I keep wishing for a Unix-like shell and utilities where `cat *.txt | grep foo` actually works the same as `grep foo *.txt`. PowerShell has pulled this off to some extent, which is cool, but it doesn't quite feel right to me compared to Bash.


I've made this point in the past, but I find it absolutely hilarious to see the number of kids these days who are rediscovering awk. Awk was dead; like dead-dead, totally useless legacy silliness, for decades. And the reason was that literally everything you could write in awk could be more easily and more powerfully expressed in perl. In a world where every system comes with perl and every admin knows perl, there's no room for awk.

But then... perl kinda died back. It's no longer default in many distros. Most new unix kids aren't learning it. Perl is the old weirdness.

And... in a world without perl, awk looks pretty cool I guess. But folks: perl is still there.


Awk has an enormous advantage over Perl: the Awk manual is short, and you can conceivably learn Awk just by reading the man page. If I go back years later and read an Awk program, I’m more likely to understand it. Using Perl for many tasks would be like using Matlab to add up a column of numbers. You can, but there’s also something to be said for just using a pocket calculator.


Heck, back in the mid-80s we wrote a stripped down awk as part of a 2nd year CS course. Can't do that with Perl.


I love Perl, but for one liners, awk is often easier to remember than something like Perl's autosplit. Awk is often faster too, for large data files, mawk especially.


Say i want to print the Nth column of programs output how easy it is compared to awk?


Heh, sure:

    perl -ne 'print((split())[1])'
While it's true that "{print $2}" is a little shorter, it's also quite limited. The perl syntax extends naturally to different delimeters (the first argument to split is a regex) or actions (maybe you don't want to print it and want to do some tiny string processing).

Essentially, you picked the One Single Task at which awk is best. And... it's only barely better, and only for the specific variant of the problem for which awk was designed.

Again, this argument was had and settled. No one in their right mind would have been caught writing an awk script in 1997. That doesn't mean awk is bad (it's software from the mid-70's!), it means it was superceded. And it's important for people interested in those sorts of problems to understand why it got replaced.


Very interesting! I would like to learn awk and this could come in handy.

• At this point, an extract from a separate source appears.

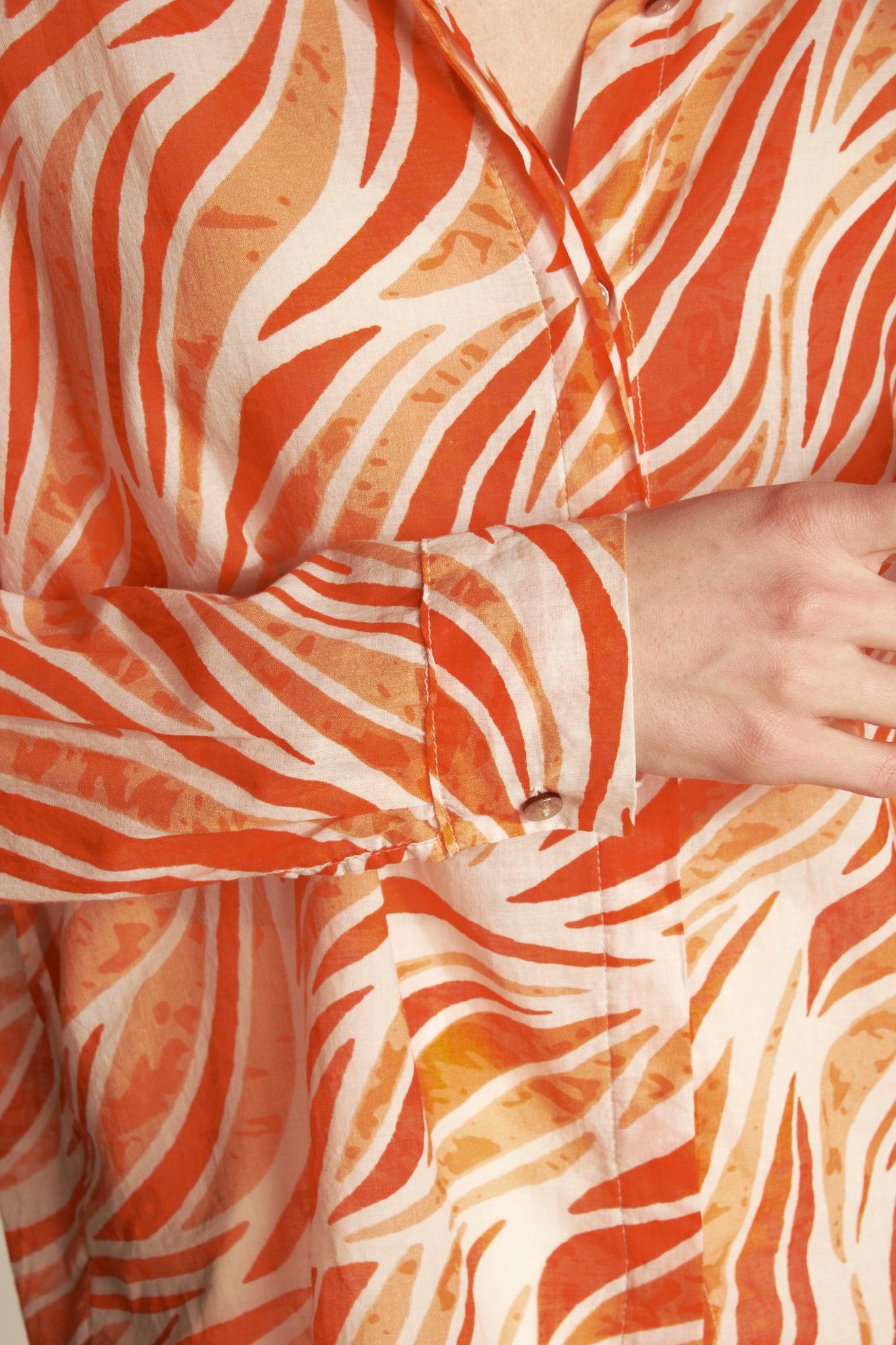 CHEMISE VOILE DE COTON ANYA ORANGE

I love emacs. These days I increasingly use it for more and more tasks from reading pdfs to writing notes to email. Despite this fact, something about the "doing X with emacs" is starting to bother me for some reason. It's hard to pin down why I feel this way, does anyone else have a similar experience?

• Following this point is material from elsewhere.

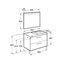 Pack mueble 90cm dos cajones blanco-fresno Prisma Roca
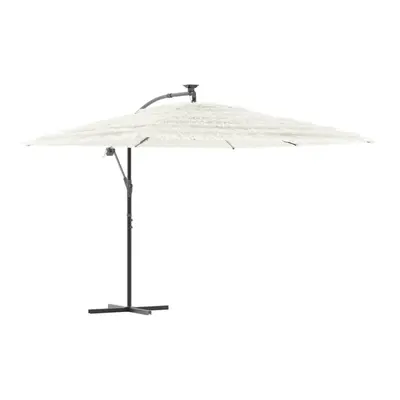 (white, x x cm) vidaXL Garden Parasol with Steel Pole Outdoor Umbrella Patio Sun Parasol White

I think so. I am a big emacser but I sometimes feel that trying to do everything in emacs is less elegant than having separate special-purpose tools, and leads to spending more time on configuration to integrate all the packages and manage all my frames.

You could say that I want emacs-like behavior everywhere, but not everything inside of emacs.


> You could say that I want emacs-like behavior everywhere, but not everything inside of emacs.

I think you really hit the nail on the head with this statement. It's why I hope projects like NYXT Browser continue to improve.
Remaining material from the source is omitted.